Soundgarden
King Animal
Produit par Adam Kasper, Soundgarden
1- Been Away Too Long / 2- Non-State Actor / 3- By Crooked Steps / 4- A Thousand Days Before / 5- Blood on the Valley Floor / 6- Bones of Birds / 7- Taree / 8- Attrition / 9- Black Saturday / 10- Halfway There / 11- Worse Dreams / 12- Eyelid's Mouth / 13- Rowing
Cela faisait deux ans qu'on l'évoquait épisodiquement, mais après quelques tergiversations, cette fois ça y est, Chris Cornell et sa bande nous délivrent la preuve matérielle que Soundgarden s'est bel et bien reformé. Seize ans après leur dernier opus (Down on the Upside) et une fin conflictuelle, les quatre membres ont donc ressenti le besoin, voire la nécessité, de se retrouver en studio. Et ce pour de multiples raisons. Si Matt Cameron n'a cessé d'être comblé avec Pearl Jam, on se doute que Chris Cornell a eu envie de réaliser quelque chose de beaucoup plus rock'n'roll qu'un album solo ridicule avec Timbaland, alors que Kim Thayil et Ben Shepherd ont vécu une vraie traversée du désert et quelques grosses galères durant la dernière décennie... Alors soit, si chacun y trouve à nouveau son compte, pourquoi ce groupe culte du grunge made in Seattle ne retrouverait-il pas sa rage d'antan avec ce King Animal ?

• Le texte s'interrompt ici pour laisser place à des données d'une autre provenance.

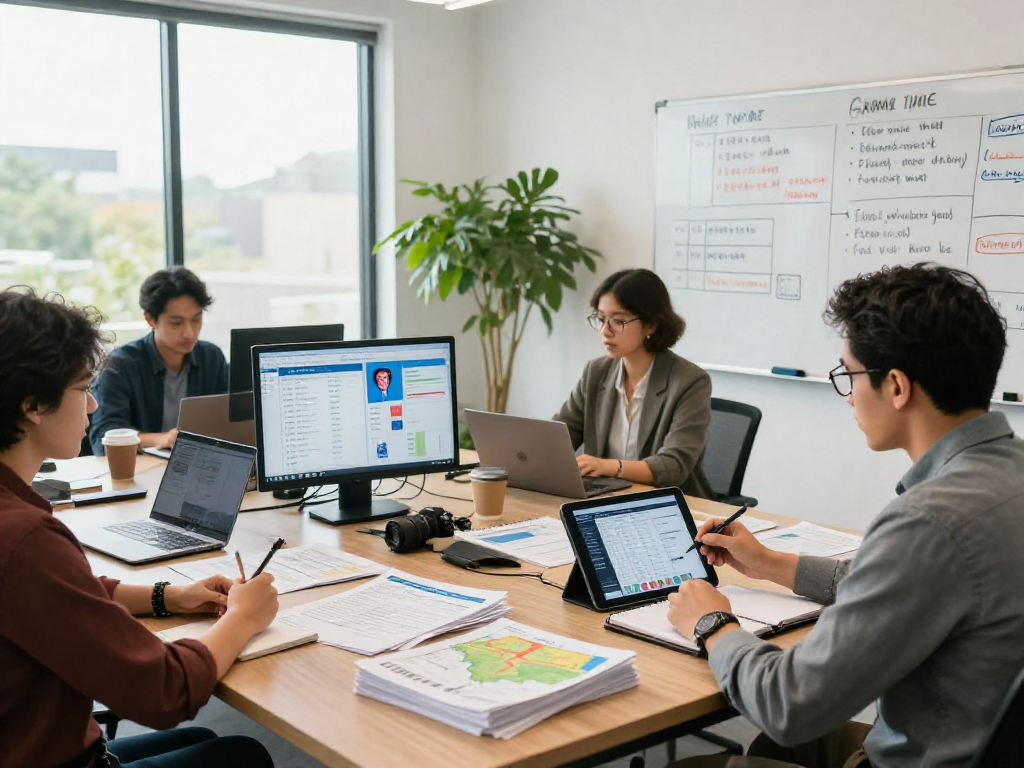 Strategist analyzing voter data for reverse SEO services in a modern campaign office.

Restait à en juger sur pièce, même s'il est toujours compliqué d'apprécier le come-back d'un groupe qui s'est arrêté depuis tant d'années. Les fans de la première heure attendent de pouvoir ressentir à nouveau la flamme entretenue dans leurs souvenirs les plus incandescents, les plus exigeants espèrent même être surpris musicalement, alors que d'autres vont véritablement écouter Chris Cornell et son band pour la première fois.

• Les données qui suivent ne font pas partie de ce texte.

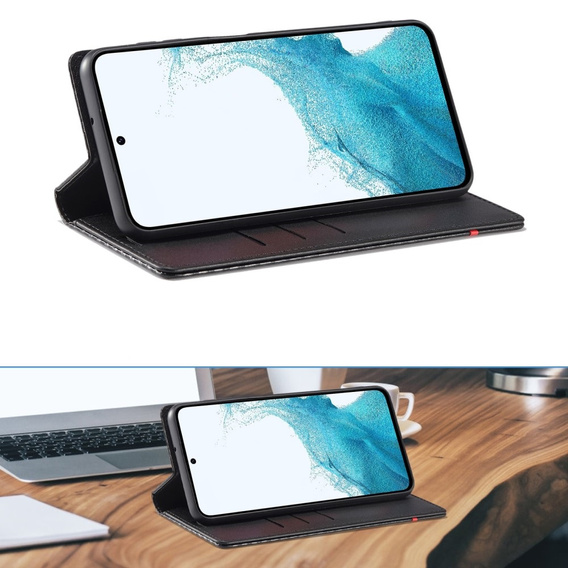 Etui z klapką do Samsung Galaxy A55, Carbon LC.IMEEKE, czarne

Pour (re)conquérir des ex et futurs fans, le groupe n'a évidemment pas chamboulé son paysage sonore si facilement reconnaissable grâce au timbre vocal de Chris Cornell et aux riffs de Kim Thayil. Pour preuve, Soundgarden nous lâche d'emblée un "Been Away Too Long" un peu trop révélateur en se pressant d'en découdre avec un hard rock basique à la AC/DC. Le morceau est efficace, dans son genre, quoique surproduit par Adam Kasper (QOTSA, Pearl Jam, Foo Fighters...), mais il faut attendre "By Crooked Steps" pour apprécier à nouveau les fameux refrains étranglés qui ont fait la réputation de Soundgarden du temps de Superunknown. L'intro psyché-hindoue zeppelinienne de "A Thousand Days Before", le riff pleinement stoner de "Blood On The Valley Floor", la mid-tempo "Taree" et la ballade "Black Saturday" rehaussent le coeur de l'album.

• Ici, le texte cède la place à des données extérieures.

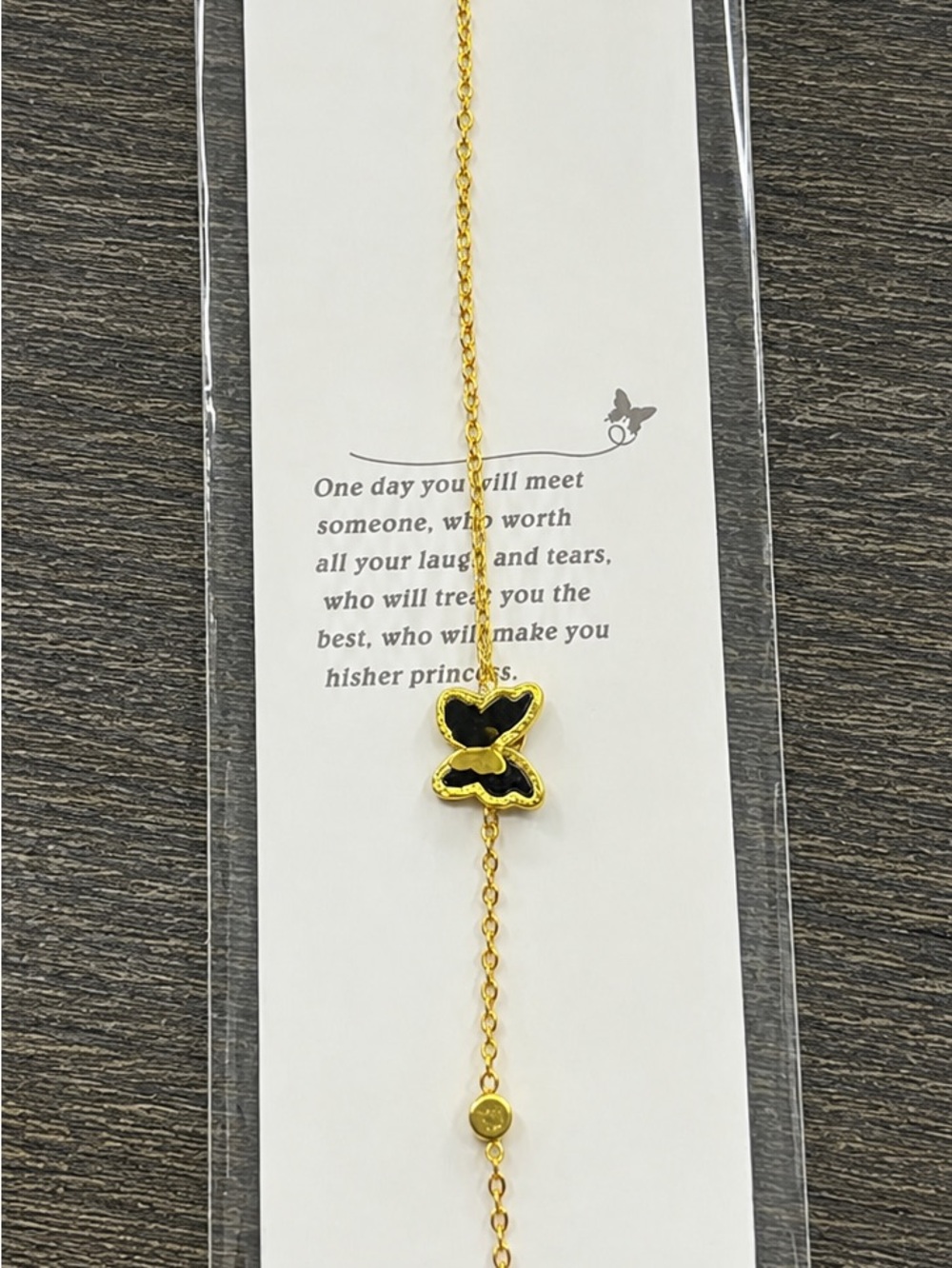 Gold Butterfly Chain Bracelet with Black Enamel Accent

Cette résurrection a tous les airs d'être bien née. La voix de Chris Cornell est à la hauteur de nos souvenirs, Kim Thayil est inspiré, la basse de Ben Shepherd surprend même par sa belle et forte présence, il est également à l'origine de quelques titres, alors que Matt Cameron semble encore plus percutant qu'avec Pearl Jam. La puissance et la complicité du groupe sont réelles, même si deux ou trois morceaux un peu trop faciles atténuent le plaisir des retrouvailles ("Attrition", "Halfway There"...). "Worse Dreams" avec son couple basse-guitare tout aussi fusionnel que dissonant, comme l'étonnante et mouvante "Rowing", la plus hors des sentiers parcourus par le groupe jusqu'ici, agrémentent même cet album d'une fin haut de gamme.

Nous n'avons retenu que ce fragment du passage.